For example, while some states prohibit employee drug and alcohol testing altogether, other states, conversely, permit drug and alcohol testing if highly specific policies and procedures are established that safeguard employee privacy.

A case in point is that the use of closed-circuit cameras is not permitted to monitor relatively intrusive blood and urine drug and alcohol testing protocols.

Mandatory Drug and Alcohol Testing For On-The-Job Accidents

In some states, employers have established mandatory drug and alcohol testing when a work-related accident has taken occurred.

If the testing procedure verifies that the employee was indeed under the influence of drugs and alcohol at the time of the accident (at various levels established by employers), in some states such as Ohio, neither workers' compensation nor the employer is required by law to pay for lost wages or for medical treatment that resulted from the accident.

Stated differently, if I sustain injuries in a work-related accident that was confirmed by the testing protocol to be drug or alcohol-related and I miss eight weeks of work due to these injuries, I will not receive any wage compensation for the time I missed either by my employer or by workers' compensation.

To make matters worse, if I have undergone medical treatment for these injuries, again, neither workers' compensation nor my employers is duty-bound to pay for this treatment.

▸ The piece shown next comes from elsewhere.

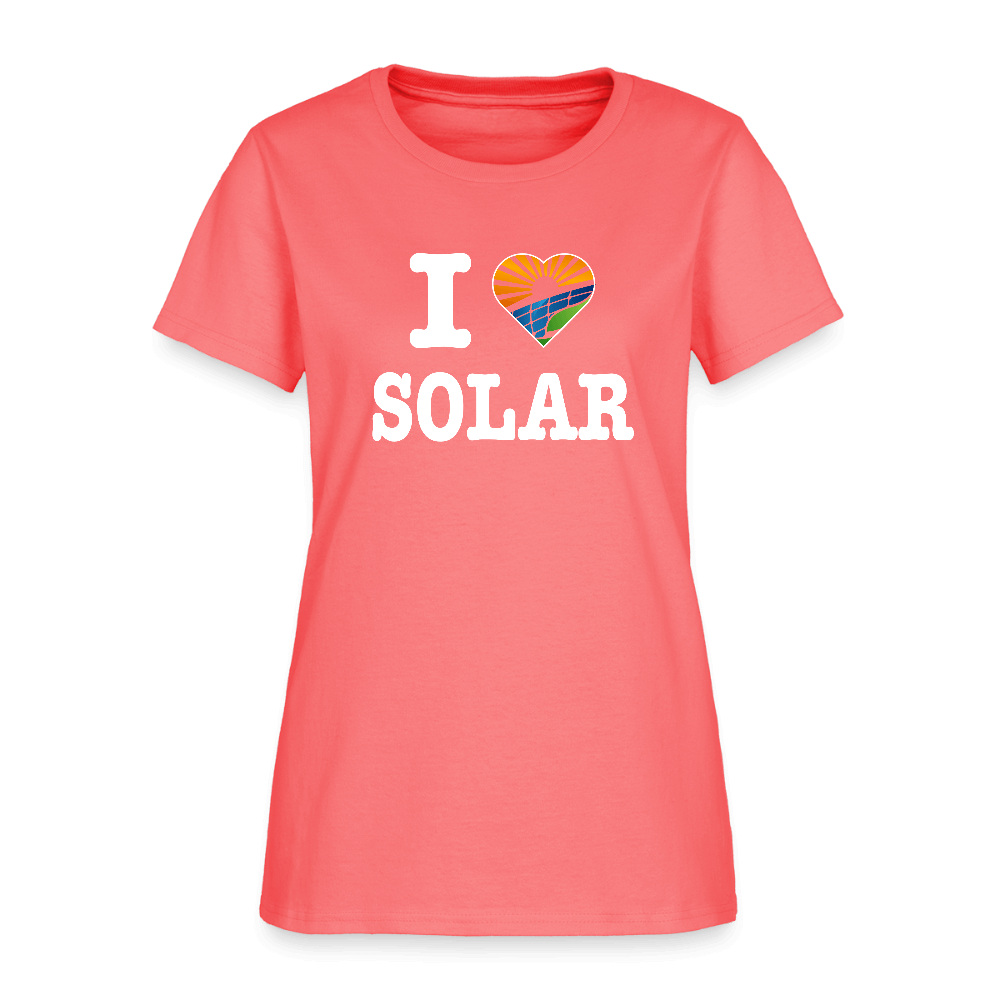 I Love Solar Women's T-Shirt Color: coral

The Rationale For Employee Drug and Alcohol Testing

Having said this, it is important to ask the following question: why are many employers establishing drug-free work environments and implementing workplace drug and alcohol testing?

The following represents some of the main reasons for employee drug and alcohol testing established by many employers.

  • Drug and alcohol tests reduce employee turnover

  • Drug and alcohol tests reduce employee violence

  • Drug and alcohol tests increase worker productivity and efficiency

  • Drug and alcohol tests reduce employer spending due to the fact that workers' compensation offers reduced premiums if employers develop and implement random drug and alcohol testing

  • Drug and alcohol tests create a safer work environment

  • Drug and alcohol tests reduce employee sexual harassment

  • Drug and alcohol tests reduce employee theft

  • Drug and alcohol tests reduce on-the-job drug and alcohol-related accidents

  • Drug and alcohol tests substantially upgrade the workforce by eliminating employees who test positive for drugs and/ore alcohol and refuse to get drug and/or alcohol treatment and by weeding out prospective employees through mandatory pre-hire drug and alcohol testing

Conclusion: Employee Drug and Alcohol Testing

In many states, employee drug and alcohol testing is increasing due to drug and alcohol-related work inefficiency; costly, debilitating, and at times, fatal drug and alcohol-related, on-the-job injuries and accidents; and escalating workers compensation premiums.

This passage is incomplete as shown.